Rich is the Heart that finds Love
5" x 7-1/2"
acrylic on watercolor paper


This is my entry in Dean Haven's moleskine journal. We started our journal exchange about a year 1/2 ago, and I only have one more to receive before mine comes home full of beautiful artwork from twelve fellow painters around the globe. Very fun! I feel very lucky to have been able to participate.

Wednesday, May 11, 2011

Lilies for Vern

acrylic sketch on watercolor paper
8.5" x 11" 


I've always loved day lilies. They're resilient, wild, beautiful,  drought tolerant, and glorious for the short time they're with us.  This is my entry in Vern Schwarz's  journal for The Flying Moleskines journal swap.
 Pax.

Sunday, April 24, 2011

Thursday, October 7, 2010

October Sky for Sheila

7"x7"
acrylic on paper

For Sheila Tajima's journal in the Flying Moleskin's journal swap.

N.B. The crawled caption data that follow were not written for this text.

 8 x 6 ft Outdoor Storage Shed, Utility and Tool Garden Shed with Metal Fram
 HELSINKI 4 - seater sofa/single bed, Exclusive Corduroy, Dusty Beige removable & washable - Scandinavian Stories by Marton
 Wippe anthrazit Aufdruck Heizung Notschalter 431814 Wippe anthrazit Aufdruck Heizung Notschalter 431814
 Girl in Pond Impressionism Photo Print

Fall is my favorite season. I love the deepening, more intense colors, the cool snap to the air,  the quickened pace.  Free from summer's humid weight, life feels sharper, clearer, more textured.  Light is lower, shadows longer, richer, and more mysterious. I imagine the trees are relieved to drop the burden of holding up all of those leaves, and sing when they decorate the landscape.

wishing you a bountiful new season...

Friday, July 23, 2010

The Flying Moleskins: Abstract Dreams





May You Soar
acrylic on paper
nfs

These are two pages for Dana Cooper, whose journal theme is dreams.  My dreams have been elusive lately, like shifting sand. A promise glimpsed of some distant, better future that dissolves when I try to understand its shape and content.  Fragments float, illuminated, forming landscapes both strange and somehow familiar. Echoes of joys remembered and not yet known.

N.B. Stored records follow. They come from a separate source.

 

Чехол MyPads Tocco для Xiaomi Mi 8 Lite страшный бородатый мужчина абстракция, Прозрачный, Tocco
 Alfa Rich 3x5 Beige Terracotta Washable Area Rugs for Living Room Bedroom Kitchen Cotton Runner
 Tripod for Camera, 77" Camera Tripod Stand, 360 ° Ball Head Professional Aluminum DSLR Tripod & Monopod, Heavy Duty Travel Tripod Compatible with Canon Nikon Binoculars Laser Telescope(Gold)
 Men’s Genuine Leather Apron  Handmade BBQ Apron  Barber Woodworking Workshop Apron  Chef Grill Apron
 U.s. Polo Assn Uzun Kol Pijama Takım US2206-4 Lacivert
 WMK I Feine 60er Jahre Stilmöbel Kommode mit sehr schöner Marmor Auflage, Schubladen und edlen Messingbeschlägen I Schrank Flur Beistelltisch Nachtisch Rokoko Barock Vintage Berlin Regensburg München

Huge thanks to everyone who left such supportive comments on the show last month. We had a great turn-out despite the heat, and it was a success.   

Saturday, May 1, 2010

White Rose


"Promise"
24"x 24"
acrylic on Claybord


This is one of 6 florals that I have hanging in a group show at the Delaplaine Visual Arts and Education Center through the end of June.  I'd never worked on Ampersand's Claybord before. Boy, does is soak up some paint.  The brush would be dry before I'd completed a stroke.  I put out a FB plea, and Manon told me she usually seals it first.  Ah ha.  Good to know for future pieces.   

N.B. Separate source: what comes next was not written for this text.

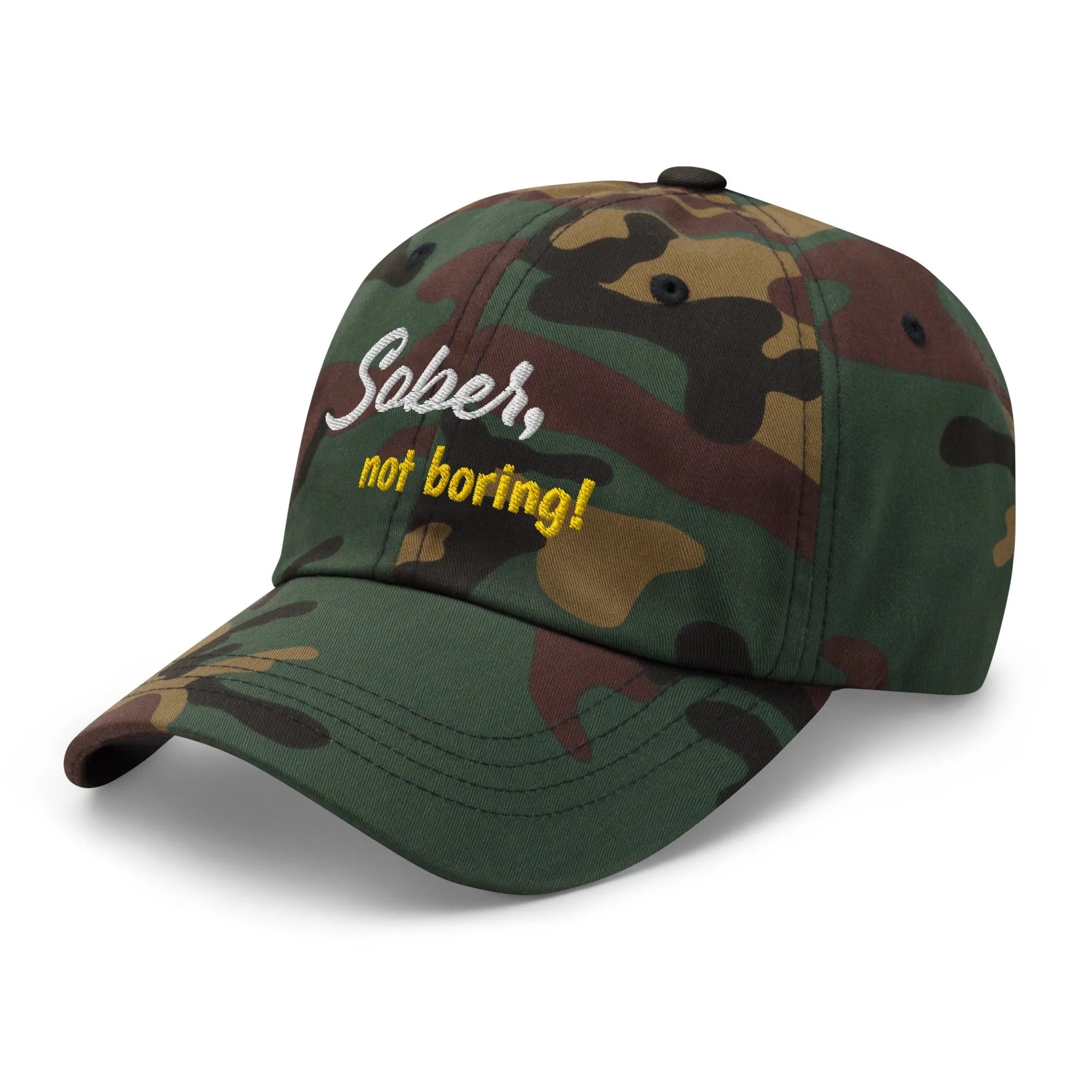 Sober Not Boring Embroidered Dad Hat - Stylish Unisex Baseball Cap for Men & Women - Perfect for Outdoor Activities, Sports, and Casual Wear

Many thanks to Don Dunsmore for a lovely reference photo.


Wednesday, April 7, 2010

Flying Moleskins - Camille, Richard and Matisse's Open Window

acrylic on paper
7"x 10 (2-pages)
nfs

For Camille Olsen, who's journal theme is peace.  Must be the tropical heat here in Maryland, because my colors got away from me and turned all lime and melon and banana, and I swear I'm hearing Calypso music. Camille and her husband are standing near a very rough rendition of my favorite Matisse painting. (Yep, more sailboats).  My apologies to the Olsens if I'm not close to a likeness. We haven't met, but rumor has it, both have wicked senses of humor and that they are a colorful and fun-loving pair.

Thanks for all of your comments on the last post.  I appreciate it!